Seminars and Events

Artificial Intelligence Seminar

Human-centered Explainable AI

Event Details

AI has been an important part in many human-centered tasks such as search, recommendation, dialog systems and social networks. However, how to understand and interpret the results produced by AI remains a significant challenge, which greatly influences the trust between humans and AI. In this talk, we will introduce Explainable AI from both technical and application perspectives. In particular, we will highlight the role of human-centered intelligent systems such as search, recommendation and dialog systems as the bridge between human and AI, and as the forefront of human-centered explainable AI research. We will also talk about techniques for human-centered explainable AI including neural symbolic reasoning, causal and counterfactual reasoning, knowledge graph reasoning, explainable graph neural networks, generating natural language explanations, and their application in search, recommendation and dialog systems.

Host: Muhao Chen, POC: Maura Covaci


YOU ONLY NEED TO REGISTER ONCE TO ATTEND THE ENTIRE SERIES – We will send you email announcements with details of the upcoming speakers.

Register in advance for this webinar: https://usc.zoom.us/webinar/register/WN__0VhakI6Q6i3JsasdmNWcA.

After registering, you will receive an email confirmation containing information about joining the Zoom webinar.
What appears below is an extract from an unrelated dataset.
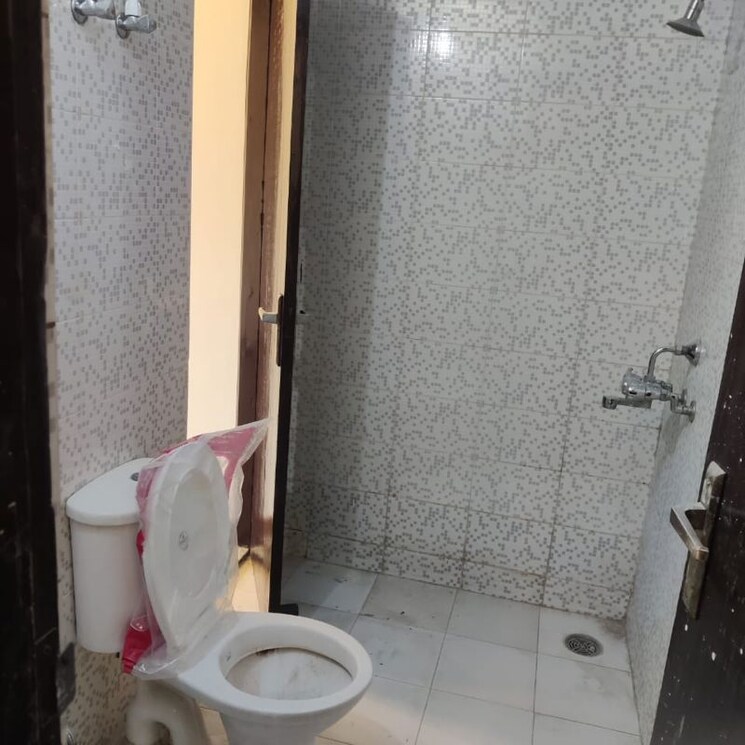 Bathroom, bptp-park-elite-floors 3 Bedroom 1050 Sq.Ft. Builder Floor In Sector 75 Faridabad 9907376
The recording for this AI Seminar talk will be posted on our USC/ISI YouTube page within 1-2 business days: https://www.youtube.com/user/USCISI.

Speaker Bio

Yongfeng Zhang is an Assistant Professor in the Department of Computer Science at Rutgers University and directs the Web Intelligent Systems and Economics (WISE) lab. His research interest is in Machine Learning, Machine Reasoning, Information Retrieval, Recommender Systems, Economics of Data Science, Explainable AI, Fairness in AI, and AI Ethics. In the previous he was a postdoc at UMass Amherst, and did his PhD and BE in Computer Science at Tsinghua University, with a BS in Economics at Peking University. He serves as associate editor for ACM Transactions on Information Systems (TOIS), ACM Transactions on Recommender Systems (TORS), and Frontiers in Big Data. He is a Siebel Scholar of the class 2015 and an NSF career awardee in 2021.